**Work order**
Please retype the listing below word for word and exclude its images.

**Source data**
******************************

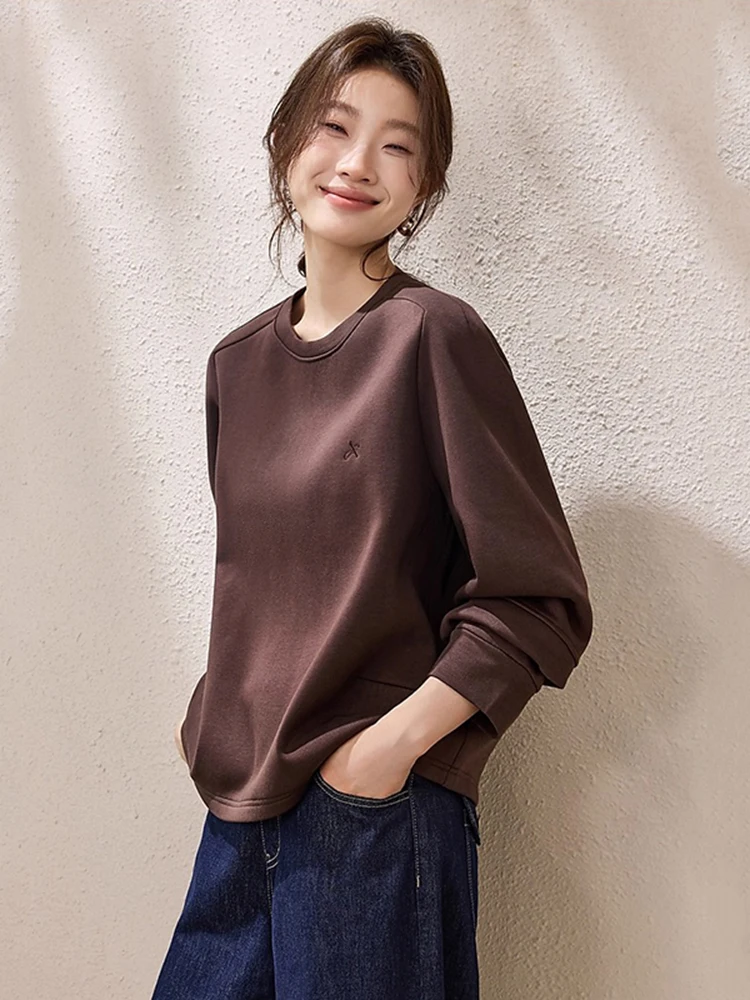 

Осенне-зимняя женская толстовка с круглым вырезом, коричневая, свободного кроя, с длинными рукавами, повседневная, универсальная, однотонная, для города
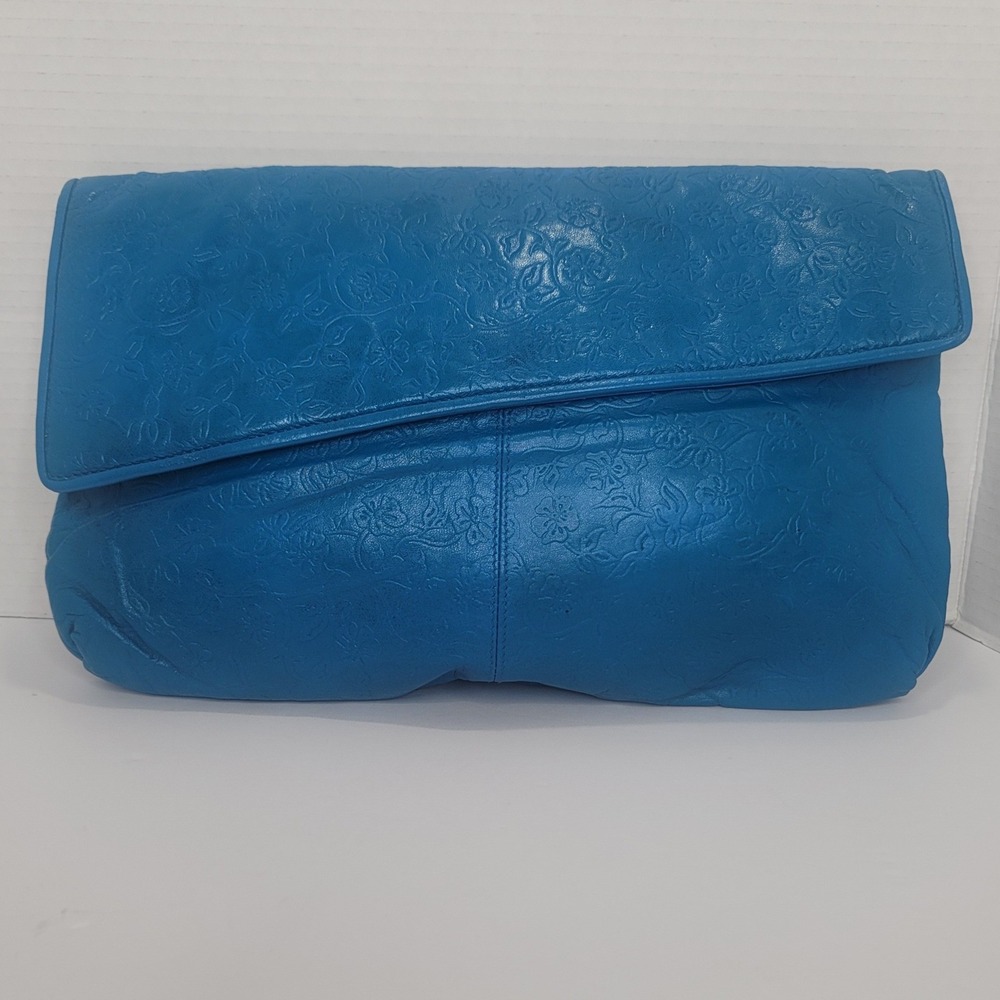 Towanny Floral Clutch Bag L Blue Embossed Floral Envelope Zip Eveneing Elegant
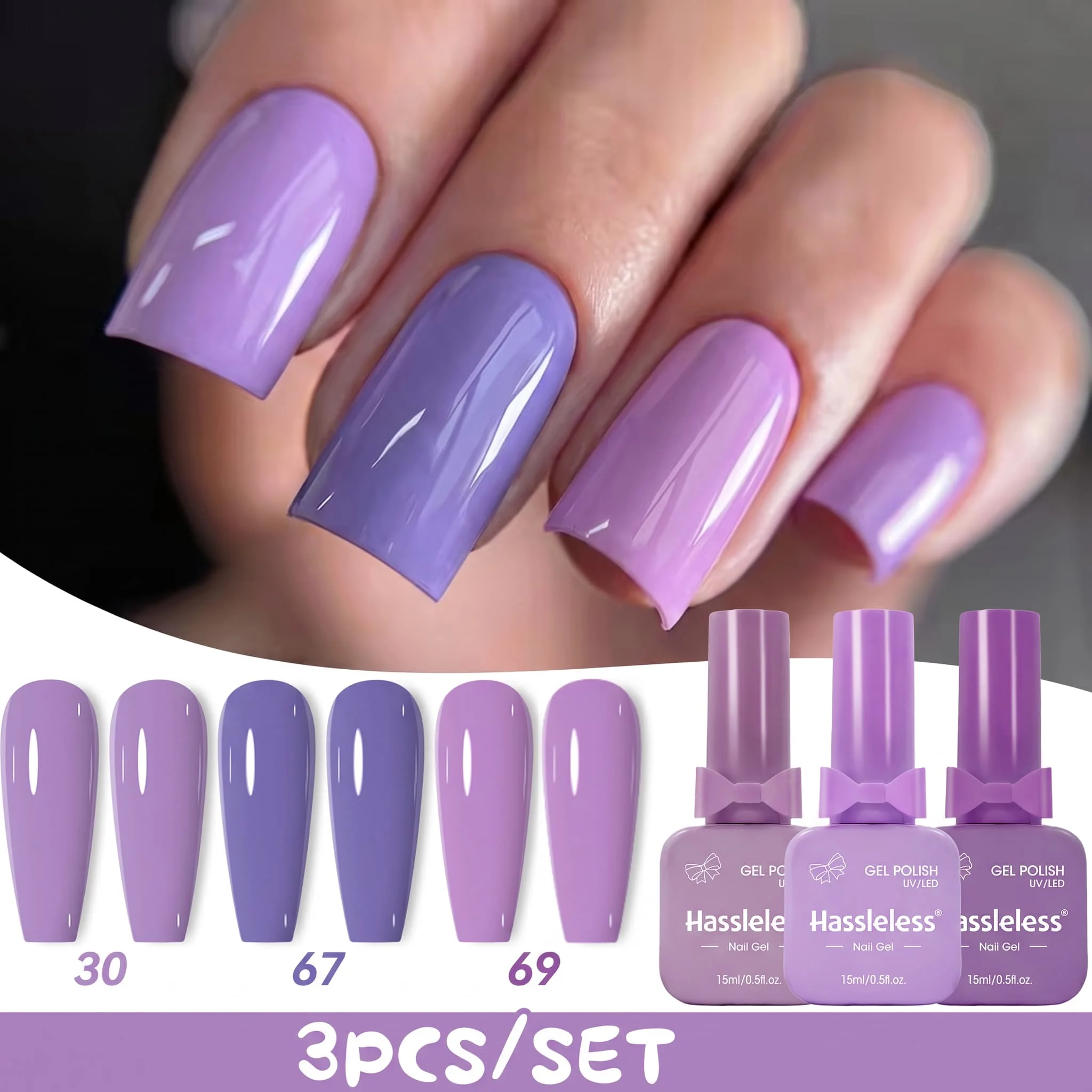 Hassleless 3-Piece Taro Purple Nail Polish Gel Set, 15ml Large Capacity, Light Purple Taro Purple Grape Purple Gentle Solid Color Nail Polish Gel, Salon-Grade Mirror-Like High Gloss with Full Color Payoff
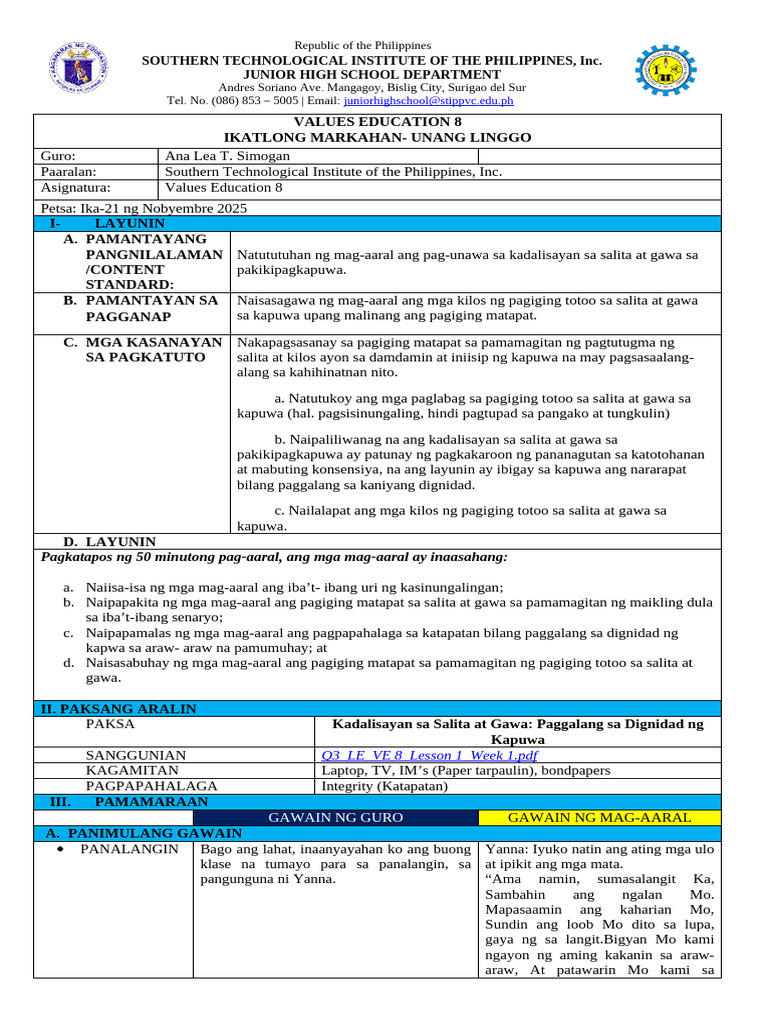 Detailed Lesson Plan in Valed 8 Final Demo | PDF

******************************

**Reply to the task**
Осенне-зимняя женская толстовка с круглым вырезом, коричневая, свободного кроя, с длинными рукавами, повседневная, универсальная, однотонная, для города
 Towanny Floral Clutch Bag L Blue Embossed Floral Envelope Zip Eveneing Elegant
 Hassleless 3-Piece Taro Purple Nail Polish Gel Set, 15ml Large Capacity, Light Purple Taro Purple Grape Purple Gentle Solid Color Nail Polish Gel, Salon-Grade Mirror-Like High Gloss with Full Color Payoff
 Detailed Lesson Plan in Valed 8 Final Demo | PDF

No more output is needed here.